I waddled across the stage to receive my college diploma, knowing my leather-bound degree would serve as a paperweight in the months and years to come.
I was one of the hundreds of graduates, ready to take their next step in life.
For most that meant transforming internships into jobs or leaving to attend grad school, perhaps doing some world traveling before settling into their new adult lives.
Me, however? I was having a baby.
Some deep, primal part of me had wanted to become a mother for some time.
A friend of mine had confided in me that she, too, had these feelings from time to time.
I imagine quite a few young women have maternal urges every once in a while when they’re in those prime reproductive years.
Most of them, however, don’t act on those ill-advised urges and completely rearrange their lives to become young moms.
But that’s exactly what I did.
The truth was, there was no rearranging required. Actually, having a baby seemed easier than facing the real world and trying to figure out what to do with my life after college.
I’d spent hours meeting with professors and advisors over my junior and senior years, trying desperately to get someone to tell me what exactly you’re supposed to do with a liberal arts degree in the real world.
Grad school came up a lot but I knew that wasn’t a viable option for me.
I would have to move away from my husband to attend an MFA program, not to mention put us into crippling debt and likely have the same questionable future when it was over.

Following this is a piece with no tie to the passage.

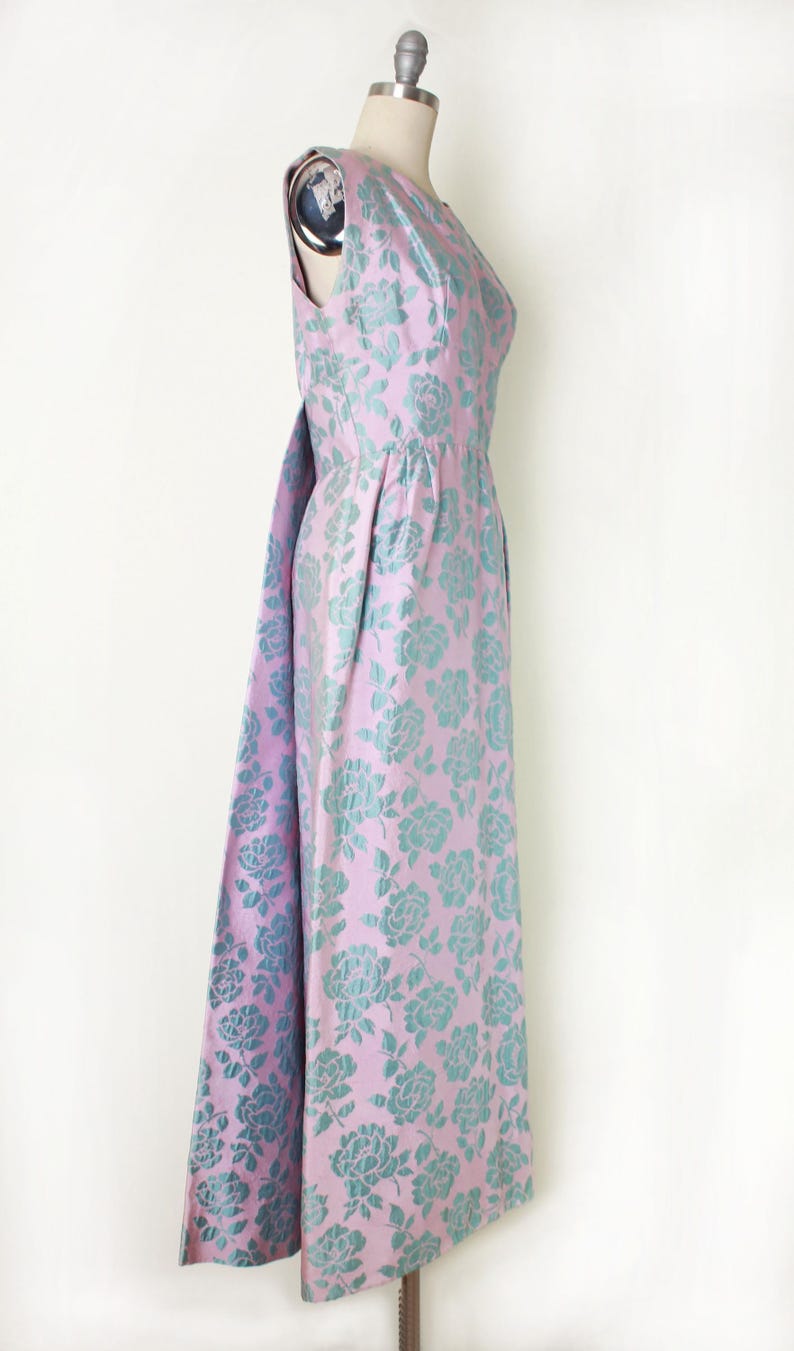 May include: A sleeveless, floor-length dress on a mannequin. The dress features a pink background with a teal floral pattern. The dress has a flowing skirt and a matching fabric detail that drapes from the back.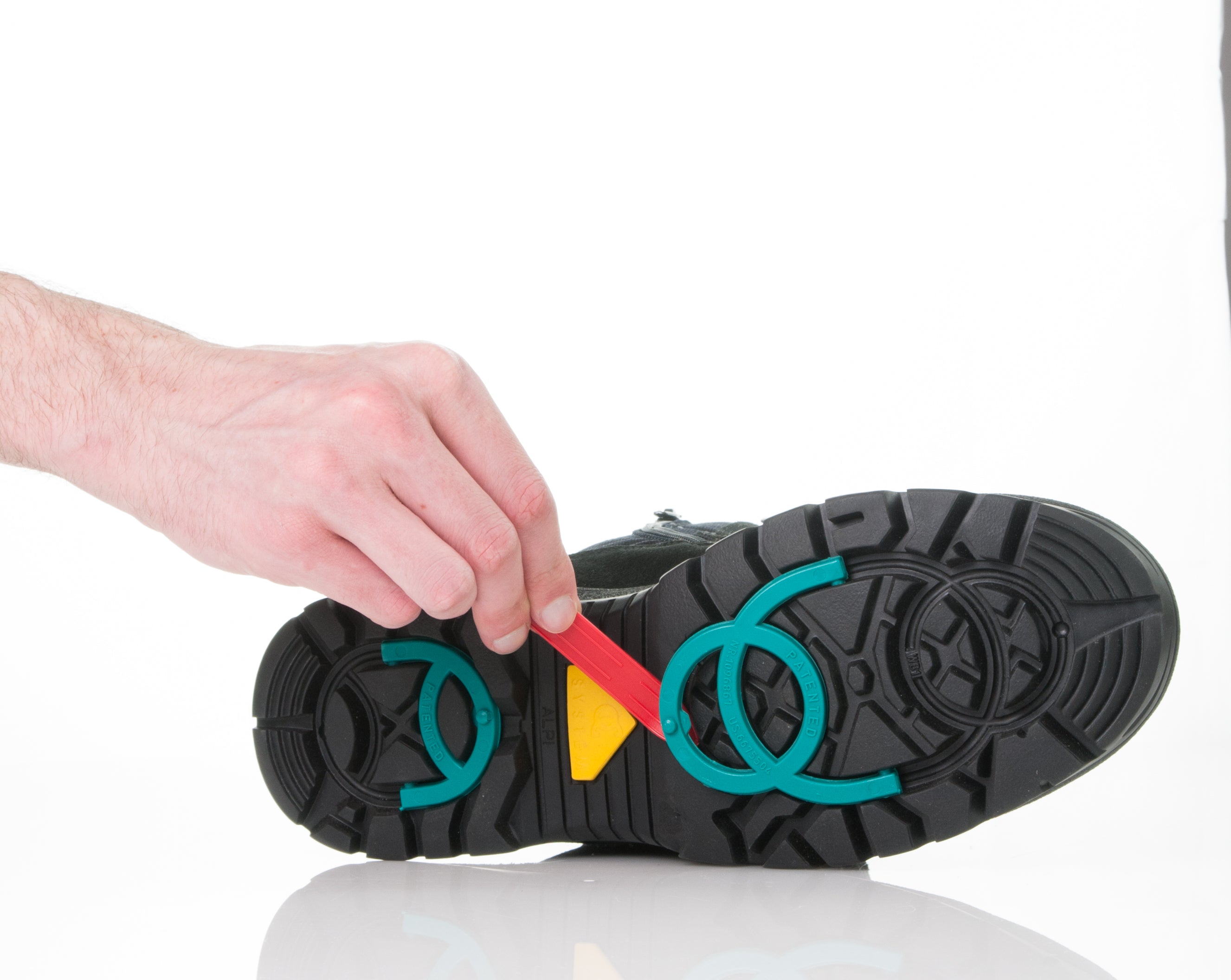 Black Attiba Eiger 2 men's boot sole with a red tab retracting the teal grip spikes, bottom view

I knew I wanted to become a mother. I knew the necessary steps to take in order to become a mother (not terribly difficult when you’re 21 and fertile).

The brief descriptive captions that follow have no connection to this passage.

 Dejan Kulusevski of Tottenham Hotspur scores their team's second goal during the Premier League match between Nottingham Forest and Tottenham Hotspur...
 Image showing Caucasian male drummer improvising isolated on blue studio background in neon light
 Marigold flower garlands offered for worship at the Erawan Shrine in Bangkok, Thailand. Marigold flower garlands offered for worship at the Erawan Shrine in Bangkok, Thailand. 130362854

So, one impulsive night I took the plunge, and my husband and I started trying to have a baby.
Let that sink in: A baby. On purpose. In college.

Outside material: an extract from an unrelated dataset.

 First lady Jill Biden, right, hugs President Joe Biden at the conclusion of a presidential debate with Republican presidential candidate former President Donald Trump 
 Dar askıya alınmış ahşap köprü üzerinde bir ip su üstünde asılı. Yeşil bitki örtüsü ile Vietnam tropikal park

Being pregnant in my final semester of college was no cakewalk but I felt a sense of perverse relief every time someone asked me what I was doing after graduation and I was able to nod towards my protruding belly.
I didn’t need to have a career path mapped out or my resume spruced up. I had a baby on the way; I could figure the rest out later.
Once my son was born, however, I found having a baby wasn’t exactly a pause button on adulthood.
My transition to motherhood was much harder than I’d anticipated.
I struggled with postpartum depression for the first year and a half of my son’s life, partly because I was so young and emotionally unprepared when I had him.
Going from actively social college life and retail job to being a stay-at-home mom was a total shock to my system.
As for the real world? It came crashing down on me even harder now that I had a child. There were bigger bills to pay. There was more responsibility to shoulder.
Marriage got real hard, real fast. I knew motherhood would be difficult, I just didn’t realize how difficult. I prepared as best I could, but you can never really be prepared.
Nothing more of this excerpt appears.